# Tissot Tissonic



## luddite (Dec 11, 2009)

I have a Tissonic that is gaining a minute a day.

When I bought it it was fitted with a Sony branded battery which was a little thicker than a Renata 344 and was gaining a minute a day.

I replaced the Sony battery with a Renata 344 hoping that would fix the problem.

There are no toothed discs on the coils like on my Accutrons so I can't regulate it as I would an Accutron.

Is there a way to regulate my Tissonic?


----------



## Silver Hawk (Dec 2, 2003)

There are two adjusters on the bottom of the tuning fork --- one either side. There is also a scale with + and - just above them. Turn the left one clockwise and the right one counter-clockwise to speed up...and the opposite to slow down.

*BUT* 60 sec / day is way beyond what these adjusters are capable of ...their normal range is about +/- 8 sec day.


----------



## luddite (Dec 11, 2009)

Hi Paul, I think I've located the adjusters, they are like a three tothed cog with a multi toothed cog wheel underneatj.
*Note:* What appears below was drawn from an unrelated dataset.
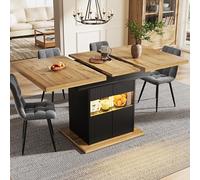 boorbin Mesa de comedor extensible con espacio de almacenamiento e iluminación LED, 110-140 cm, con estante ajustable, soporta hasta 60 kg, madera negra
I've tried to turn them, both clockwise and anti clockwise, but they are very reluctant to turn and I'm afraid of damaging them.


----------



## Silver Hawk (Dec 2, 2003)

That's them....and they are always stiff but they will turn (the 3 lobbed part).


----------



## rdwiow (Aug 15, 2008)

Sounds like it may need re-phasing or the index wheel and pawls cleaning, as Paul said 60s/24h gain is far beyond the adjuster scope.


----------



## luddite (Dec 11, 2009)

rdwiow said:


> Sounds like it may need re-phasing or the index wheel and pawls cleaning, as Paul said 60s/24h gain is far beyond the adjuster scope.


Thanks, I have come to the same conclusion and it will be on its way to Brighton next week.


----------